Aim of the exercise: Reproduce all of the data exactly. Images are not to appear in the reply.

Available data:
# # #
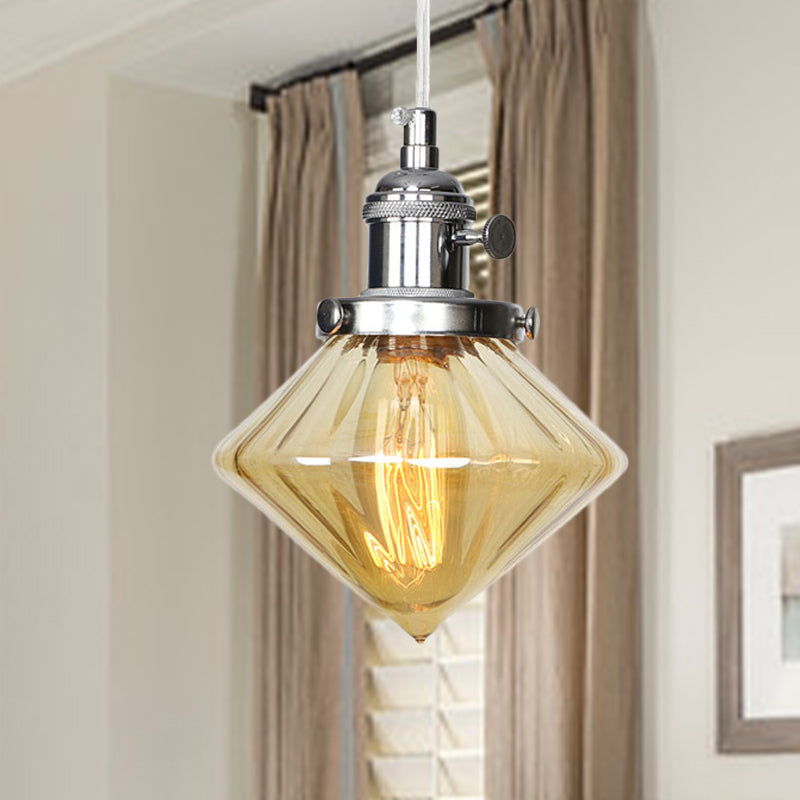 1 Light Indoor Hanging Light Industrial Height Adjustable Black/Bronze/Brass Pendant Lighting with Diamond Amber/Clear Glass Shade Chrome Amber Clearhalo 'Art Deco Pendants' 'Black' 'Cast Iron' 'Ceiling Lights' 'Ceramic' 'Crystal' 'Industrial Pendants' 'Industrial' 'Metal' 'Middle Century Pendants' 'Pendant Lights' 'Pendants' 'Rustic Pendants' 'Tiffany' Lighting' 274143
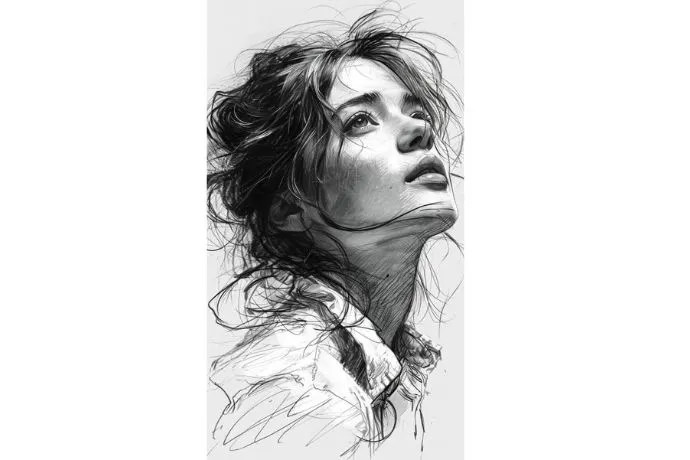 Tác phẩm chân dung cô gái với kỹ thuật xử lý ánh sáng và bóng tối phức tạp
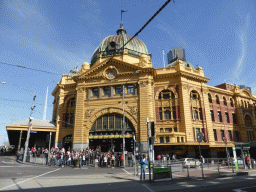Front of the Flinders Street Railway Station at the crossing of Flinders Street and St. Kilda Road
# # #
Solution to this task:
 1 Light Indoor Hanging Light Industrial Height Adjustable Black/Bronze/Brass Pendant Lighting with Diamond Amber/Clear Glass Shade Chrome Amber Clearhalo 'Art Deco Pendants' 'Black' 'Cast Iron' 'Ceiling Lights' 'Ceramic' 'Crystal' 'Industrial Pendants' 'Industrial' 'Metal' 'Middle Century Pendants' 'Pendant Lights' 'Pendants' 'Rustic Pendants' 'Tiffany' Lighting' 274143
 Tác phẩm chân dung cô gái với kỹ thuật xử lý ánh sáng và bóng tối phức tạp
Front of the Flinders Street Railway Station at the crossing of Flinders Street and St. Kilda Road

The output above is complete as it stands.